(ACTIVITY): From the line with "文明 总第二七二期 （现代生活方式系列珍藏特刊 茶文化专题）" to the line with "KAIZHIDA卫生间管道除垢剂 5公斤/罐 KZD-333(罐)", retype each line exactly as it stands in the records below, but skip the pictures.

(RECORDS):
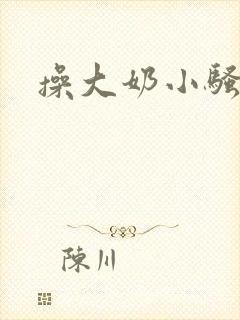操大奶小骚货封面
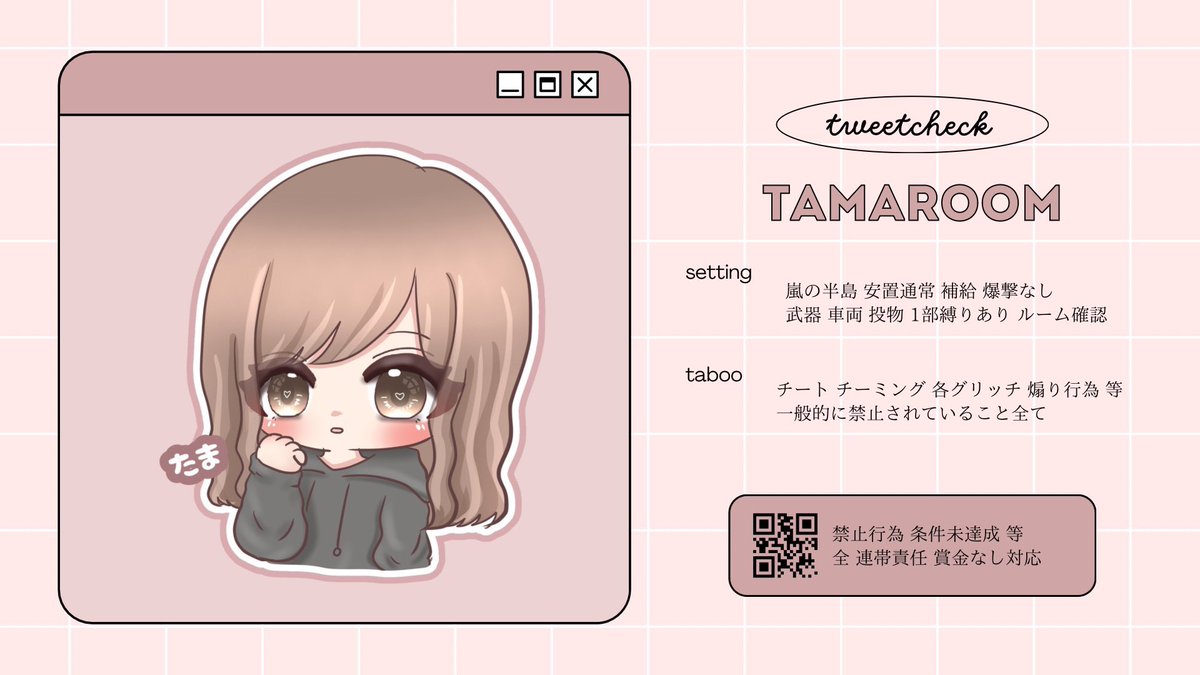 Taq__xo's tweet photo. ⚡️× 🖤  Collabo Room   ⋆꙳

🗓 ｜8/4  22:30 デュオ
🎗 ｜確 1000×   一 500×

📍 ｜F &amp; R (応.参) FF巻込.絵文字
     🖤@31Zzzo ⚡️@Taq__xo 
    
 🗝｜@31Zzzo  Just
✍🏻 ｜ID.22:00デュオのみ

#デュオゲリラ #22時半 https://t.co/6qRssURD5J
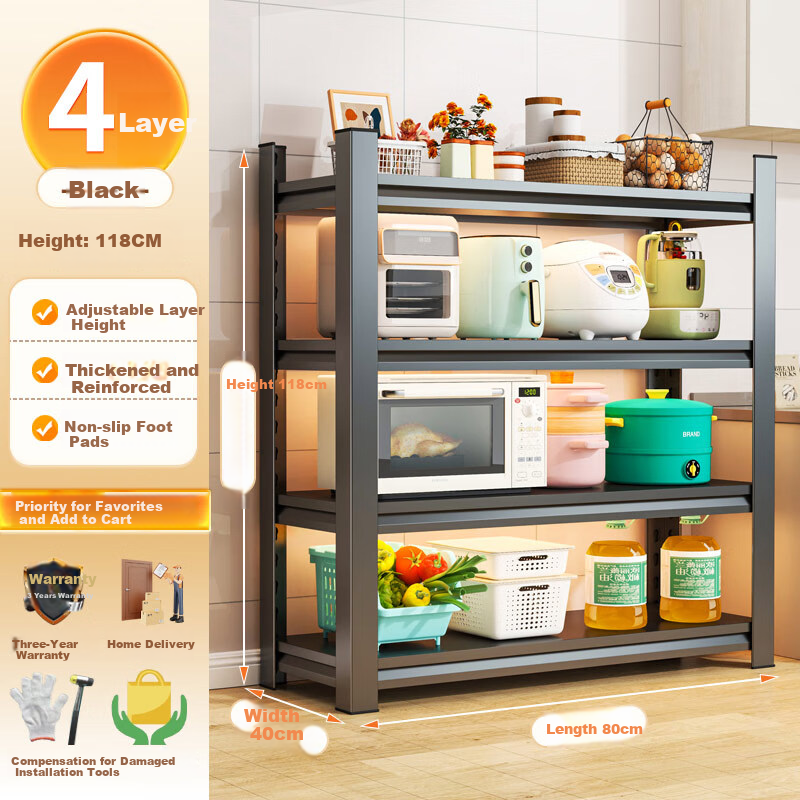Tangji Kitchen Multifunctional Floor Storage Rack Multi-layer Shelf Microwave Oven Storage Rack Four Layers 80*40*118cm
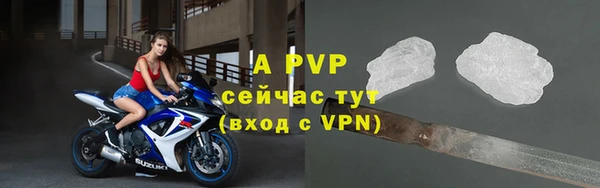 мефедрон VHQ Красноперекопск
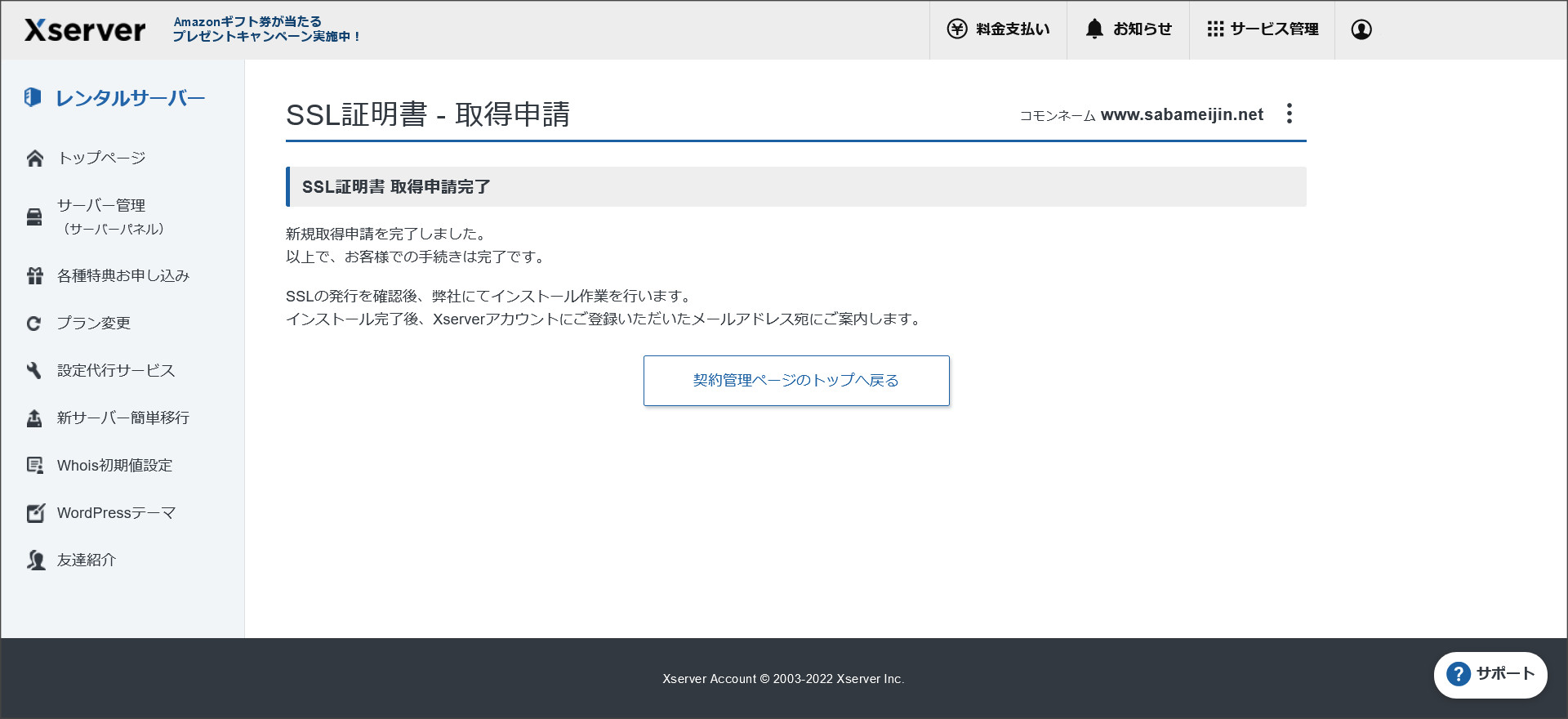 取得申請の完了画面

--

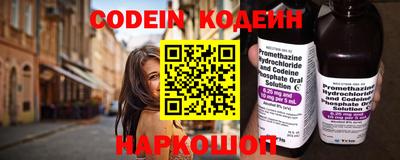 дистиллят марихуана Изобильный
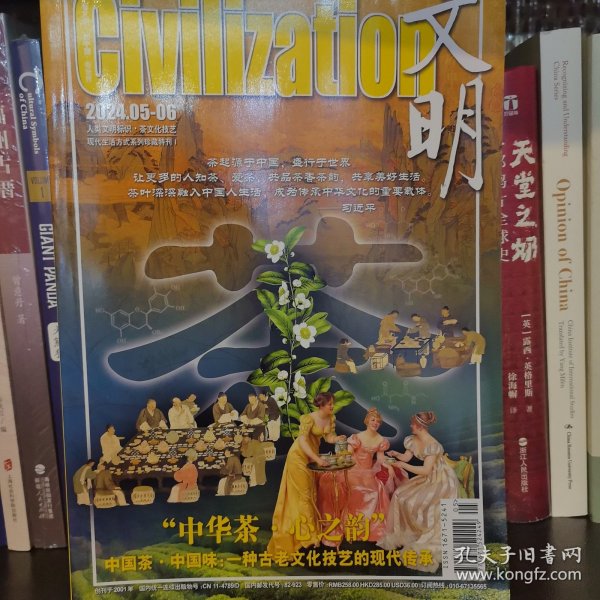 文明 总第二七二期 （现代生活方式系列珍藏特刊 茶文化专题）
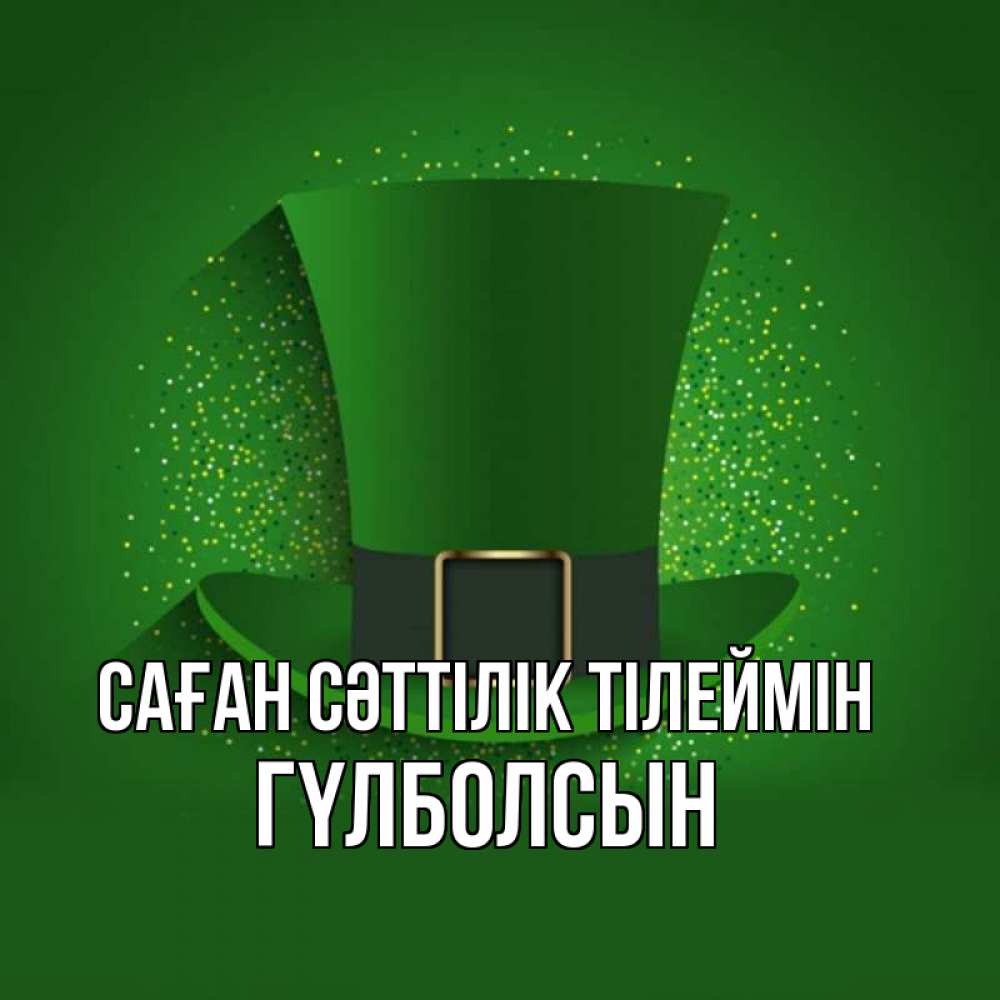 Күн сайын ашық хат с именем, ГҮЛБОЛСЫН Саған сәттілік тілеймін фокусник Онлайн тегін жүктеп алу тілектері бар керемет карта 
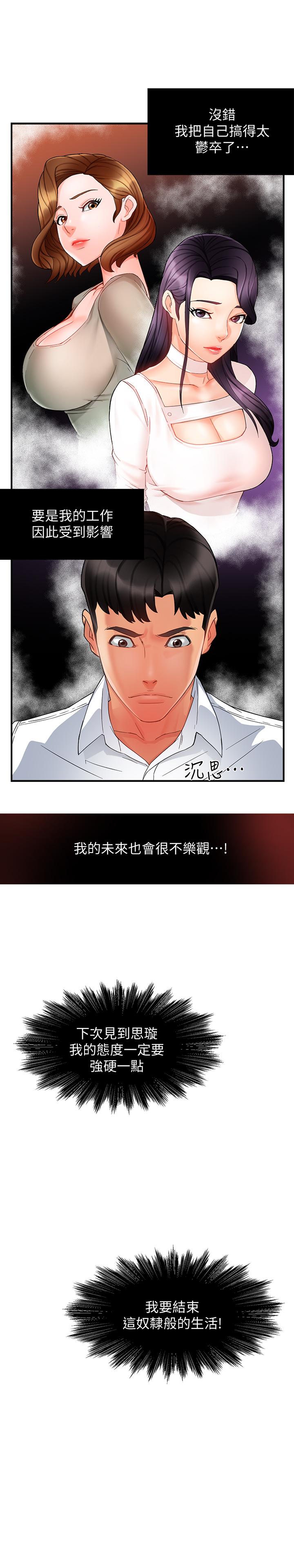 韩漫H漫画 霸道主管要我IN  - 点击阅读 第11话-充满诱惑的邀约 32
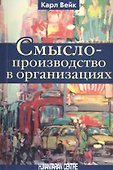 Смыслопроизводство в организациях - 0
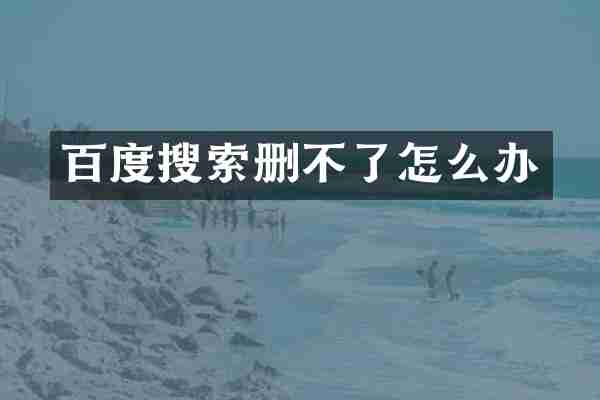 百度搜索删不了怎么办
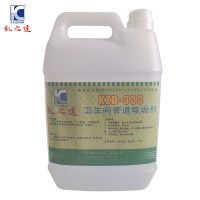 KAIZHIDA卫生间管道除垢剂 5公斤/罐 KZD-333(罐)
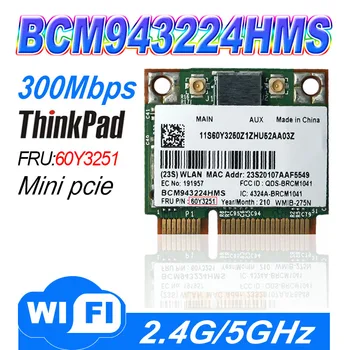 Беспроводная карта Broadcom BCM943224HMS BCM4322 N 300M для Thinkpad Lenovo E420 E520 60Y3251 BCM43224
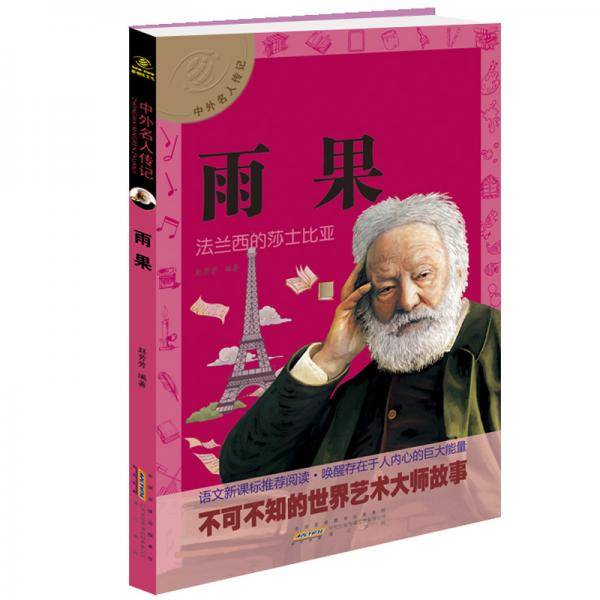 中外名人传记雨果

---

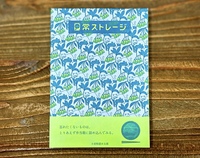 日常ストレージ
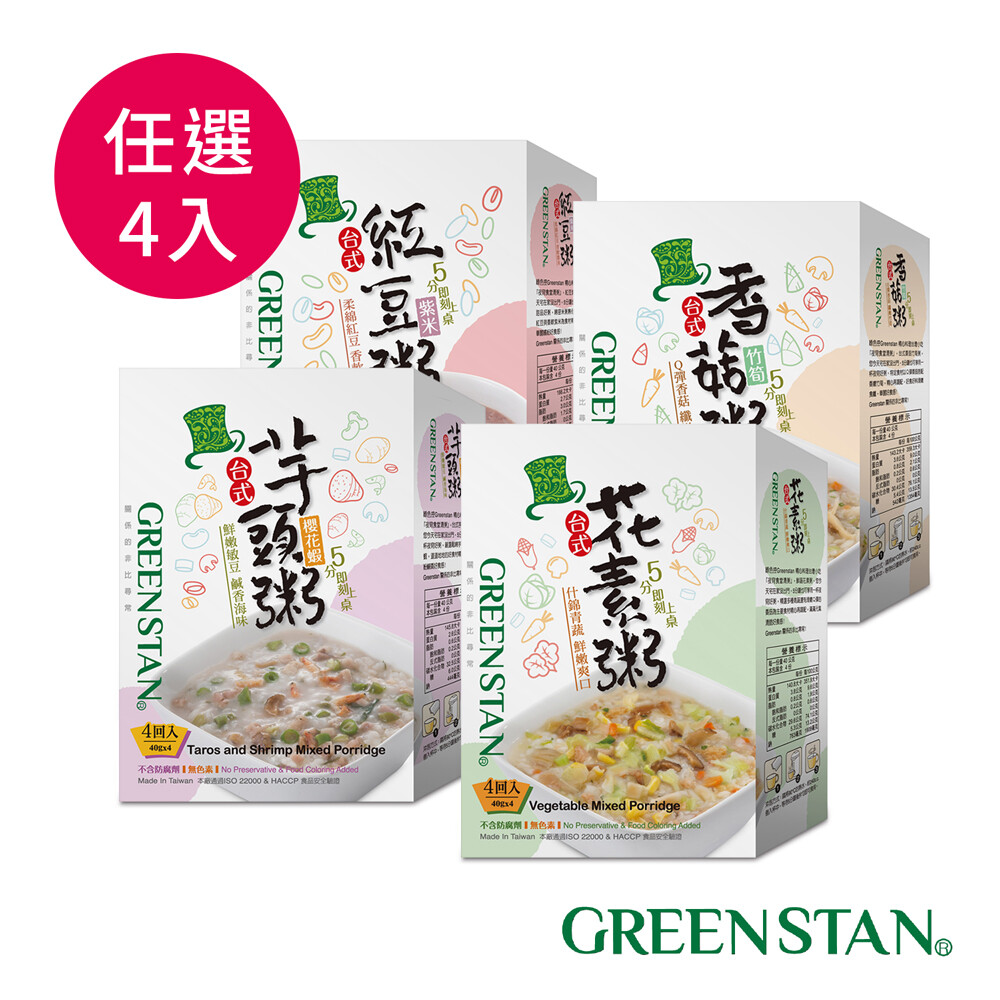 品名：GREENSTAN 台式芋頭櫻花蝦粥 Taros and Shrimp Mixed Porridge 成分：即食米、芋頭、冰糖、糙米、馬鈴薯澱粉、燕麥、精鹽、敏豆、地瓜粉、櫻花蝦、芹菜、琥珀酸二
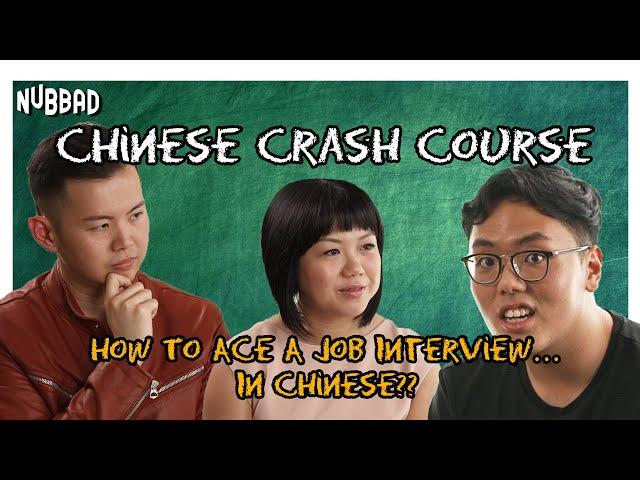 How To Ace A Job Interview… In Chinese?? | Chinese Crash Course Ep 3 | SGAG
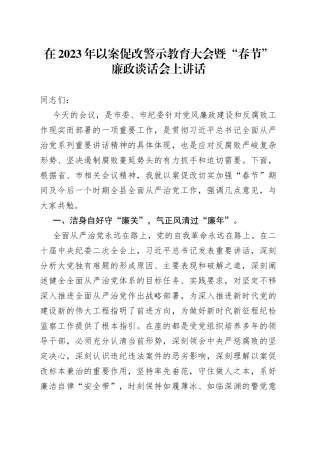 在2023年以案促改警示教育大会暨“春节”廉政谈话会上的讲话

(EXERCISE RESULT):
 文明 总第二七二期 （现代生活方式系列珍藏特刊 茶文化专题）
 Күн сайын ашық хат с именем, ГҮЛБОЛСЫН Саған сәттілік тілеймін фокусник Онлайн тегін жүктеп алу тілектері бар керемет карта 
 韩漫H漫画 霸道主管要我IN  - 点击阅读 第11话-充满诱惑的邀约 32
 Смыслопроизводство в организациях - 0
 百度搜索删不了怎么办
 KAIZHIDA卫生间管道除垢剂 5公斤/罐 KZD-333(罐)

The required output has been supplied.